Both Ecolab and FMC filed post trial-motions. Ecolab filed motions for JMOL, a permanent injunction, enhanced damages, attorney fees, prejudgment and post-judgment interest, an accounting, and amendment of the judgment. FMC filed various JMOL and new trial motions and a motion to alter the judgment that included a request for a permanent injunction, prejudgment and post-judgment interest, and an accounting. The district court denied all post-trial motions in summary form and without explanation. Ecolab and FMC appealed to the Court of Appeals for the Federal Circuit.

==Federal Circuit==

Ecolab appeals and FMC cross appealed the district court's denial of their respective JMOL motions. Ecolab further asserted the district court erred by denying its motions for a permanent injunction, enhanced damages, attorney fees, interest, and an accounting. FMC further asserted the district court erred by misconstruing a claim term, by imposing an improper damages award, and by denying its requests for a permanent injection, prejudgment interest, and an accounting.

==The JMOL Motions==
Both Ecolab and FMC asserted that the district court erred by denying their respective JMOL motions. Specifically, Ecolab contended the district court should have granted JMOL that Ecolab did not infringe the '676 patent claims and that FMC induced infringement of Ecolab's patent claims. FMC contended the district court should have granted JMOL that claim 7 of the '729 patent and claims 25-28 of the '963 patent are invalid as anticipated or obvious, that Ecolab induced infringement of FMC's patent claims, and that FMC did not willfully infringe Ecolab's patent claims.

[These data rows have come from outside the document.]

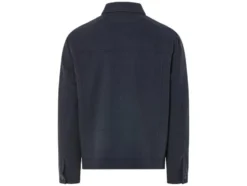 Herren Jacke mit Kentkragen, in Wolloptik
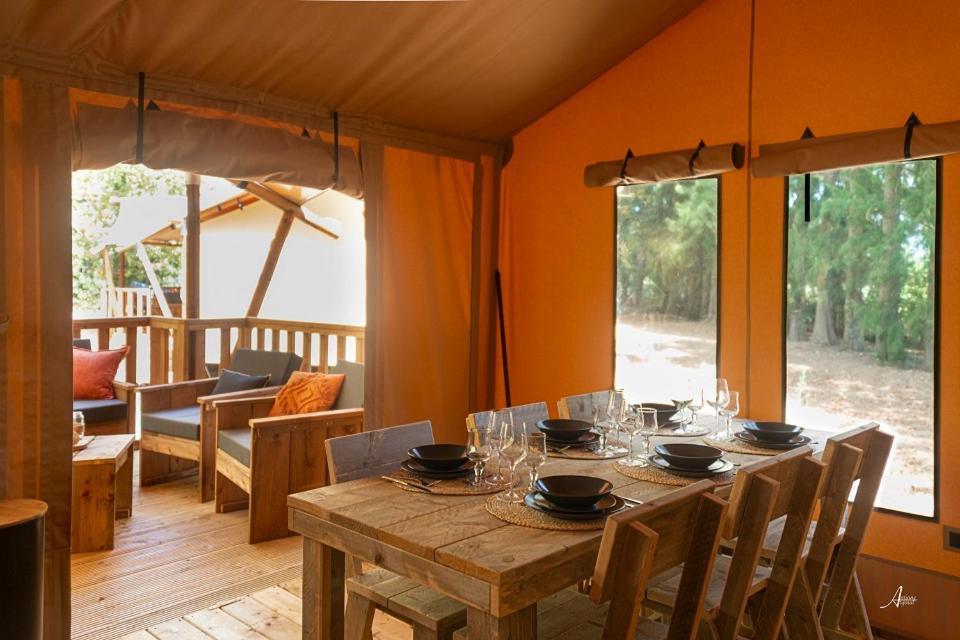 Camping U Casone - Maeva Ghisonaccia Esterno foto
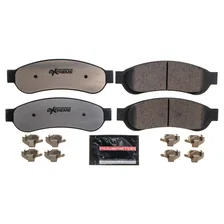Rear Z36 TRUCK/TOW PAD W/HDW for Ford image 2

===Ecolab's Motion for JMOL of Noninfringement===

At the district court, the jury found Ecolab infringed claims 1, 5, 6 and 7 of FMC's '676 patent, all of which included the following:

A method for sanitizing fowl that has been killed, plucked and eviscerated, comprising contacting the fowl with an aqueous solution, which consists essentially of a sanitizing concentration of at least a 100 ppm peracetic acid... and maintaining that contact for a time sufficient to sanitize the fowl without adversely affecting the fowl.

Ecolab argued that it was entitled to JMOL of noninfringement for two reasons. First, Ecolab argued that when the '676 patent claims were properly construed in light of FMC's prosecution history disclaimer, Inspexx did not infringe because the patent claims cover only solutions containing peracetic acid as the sole antimicrobial agent. Second, Ecolab argued it did not infringe because Inspexx did not "sanitize" meat products under the patent's definition of that term.

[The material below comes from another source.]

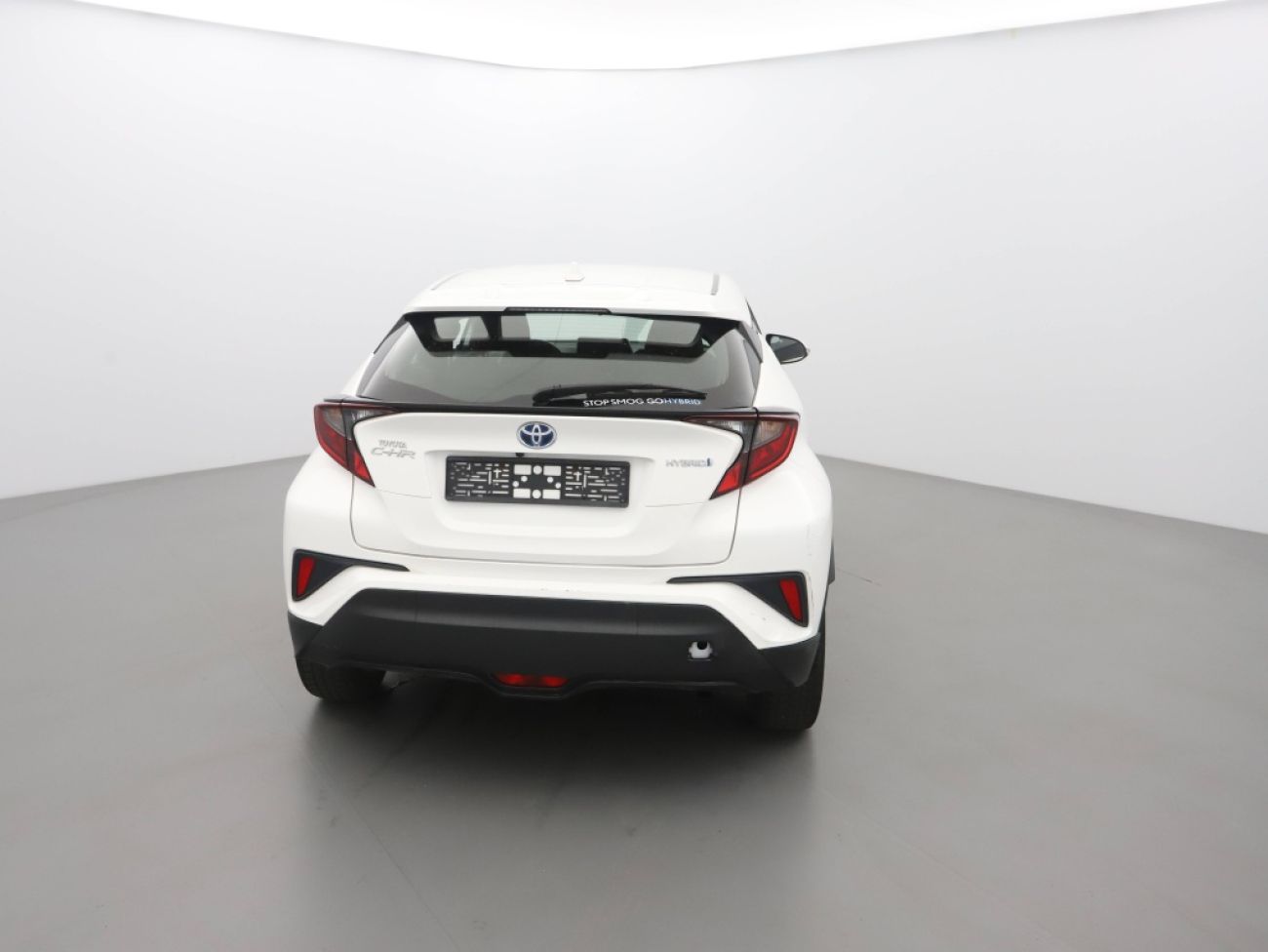 Mandataire TOYOTA C-HR 1.8 E-CVT 125Hcomfort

Prosecution History Disclaimer.

Ecolab first argued that, during prosecution, FMC disclaimed compositions containing multiple antimicrobial agents, and since Inspexx contained three antimicrobial agents, Inspexx did not infringe the '676 patent as a matter of law.

FMC contended that its prosecution statements could not reasonably be interpreted as disclaimers when they were properly read in the context of the entire patent disclosure and prosecution history.